While not a replacement for a clinician, AI tools can provide early awareness of heart disease and provide a sense of ‘normal’ for each individual. Tools like ŌURA Advisor give people personalized lifestyle recommendations based on patterns in collected data, like heart rate, heart rate variability, stress, and activity. Bloomfield says ŌURA is currently studying how wearable data alongside AI‑guided coaching can meaningfully improve heart health. 

“Instead of making decisions from brief snapshots, cardiologists will increasingly have access to longitudinal physiologic data from validated wearables and home devices, summarized by AI into clear, individualized trends,” he said. 

Cardiology is the specialty that has the second-highest number of FDA-cleared AI applications behind radiology. It’s well positioned in the eyes of regulators because of the massive shortages of specialists and the patient need.

As for the future of AI and cardiology, Albert thinks of something Yale cardiologist Harlan Krumholz said once. 

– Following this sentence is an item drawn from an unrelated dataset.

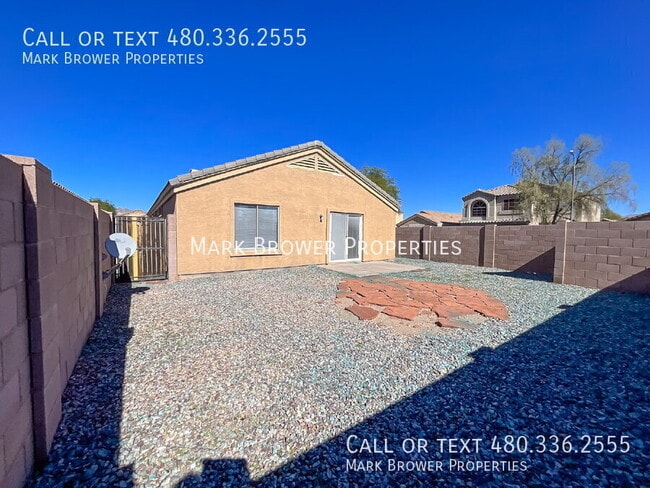 Building Photo - 11031 E Arbor Ave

“I expect in five years, no more than 10 years, that doctors won't read EKGs anymore, but the AI will read EKGs, and [we] will be completely confident that they're doing a great job,” he says. “When AI becomes invisible and yet prevalent, that's when we know it's reaching its full potential. There will be invisible AI.”

All of this is giving him a lot of reason for optimism about the specialty’s future.

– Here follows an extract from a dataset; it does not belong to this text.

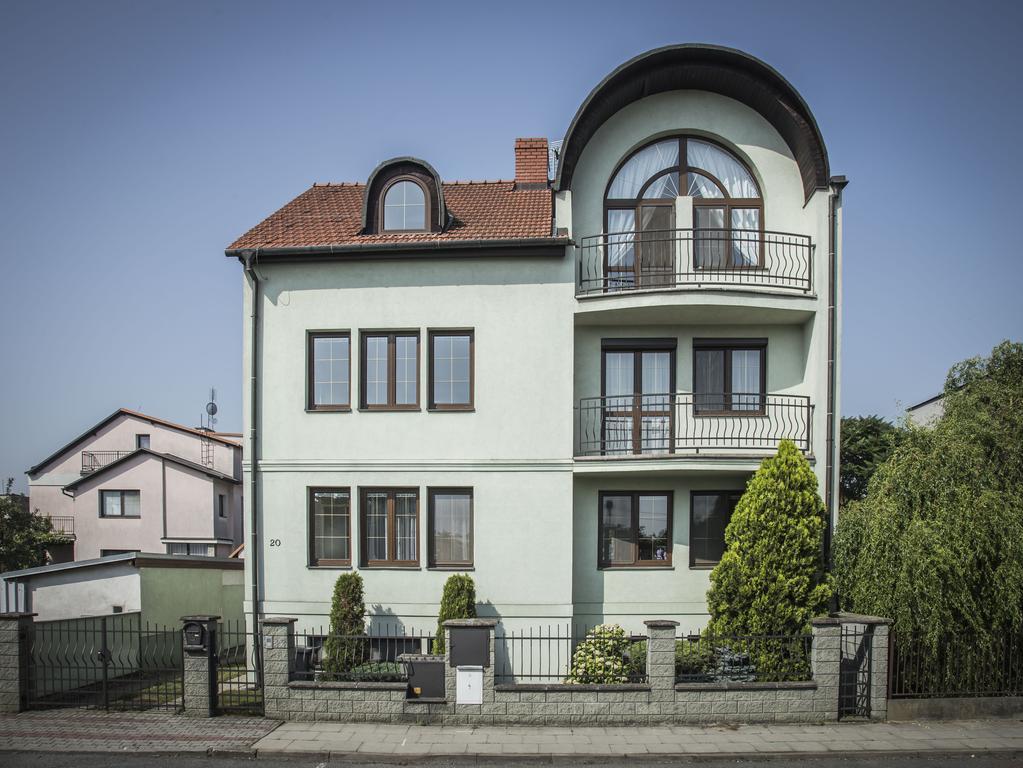 Villa Grande - Apartmany Όλομουτς Εξωτερικό φωτογραφία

“AI will be a phenomenal aid to the practice of medicine,” he said by phone. “And I can't tell you exactly when, I just know the trajectory is up and to the right.”

The medical community can and should take note from here. 

The last word from our author:

As a data mine, it’s clear that cardiology will be the specialty to follow and learn from when it comes to integrating AI into the doctor’s office. I’m particularly curious what more knowledge on our “risk” will mean as a heart health vital sign. How can we quantify risk to determine which measures or treatments are actually helpful and will provide a net benefit? Will there ever be such a thing as having too much data on our health if minor alerts cause unnecessary intervention?